So the VM start task seems to complete successfully, but the QMP commands at the end of migration run into timeouts. Does the target node also have pve-qemu-kvm: 8.1.5-6?

How does the load on the target server look like? One way to check is with grep '' /proc/pressure/*, the graphs in the node's Summary tab in the UI might also be worth a look.

You could try using a bandwidth limit with qm set 106 --migrate_speed 60, maybe that helps.
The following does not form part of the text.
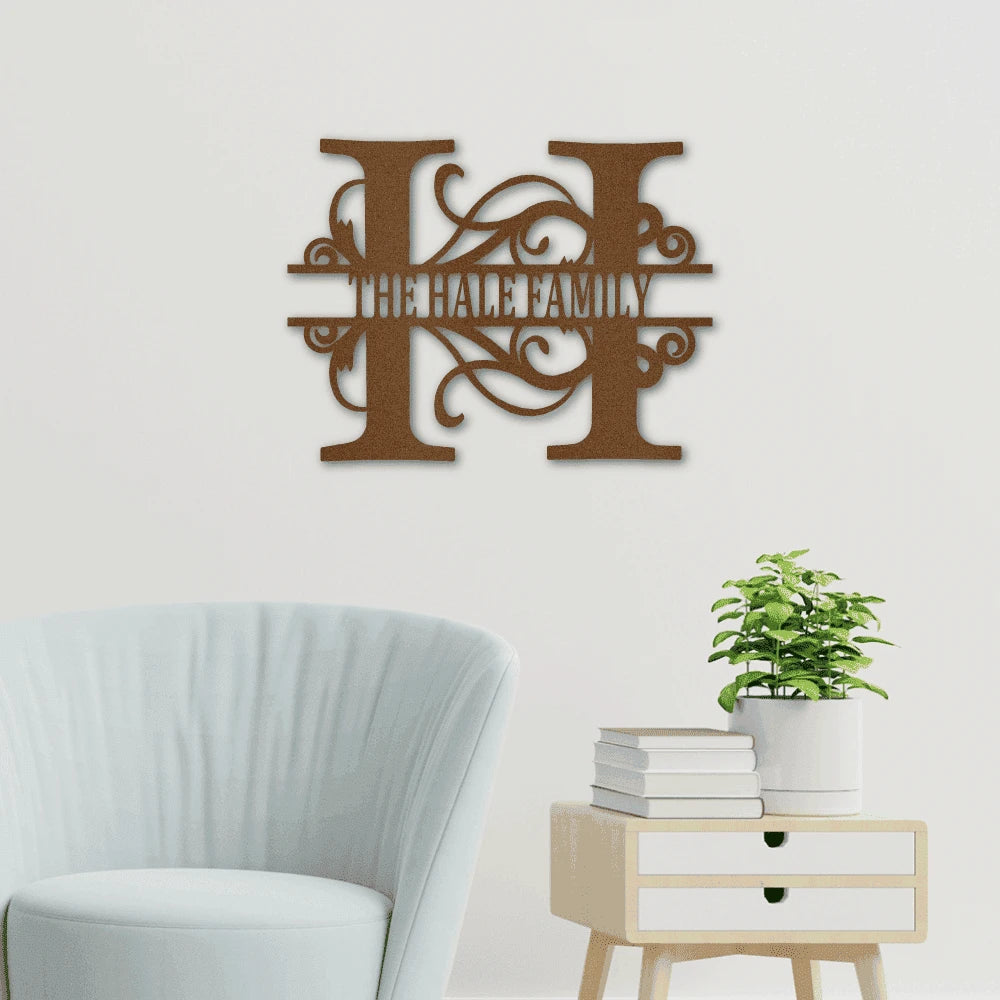 Personalized Split Letter Monogram Steel Art Wall Decor Metal Name Sign Laser Cut Metal Signs Custom Gift Ideas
If you trust your migration network, you can also try pvesh set /cluster/options --migration type=insecure or if you have a dedicated network: pvesh set /cluster/options --migration network=A.B.C.D/E,type=insecure with your network

effeeue05 · Jun 26, 2024

All nodes have the same version: pve-qemu-kvm: 8.1.5-6

Are you asking about the load on the target server during migration or just in general? I can check both but was just curious.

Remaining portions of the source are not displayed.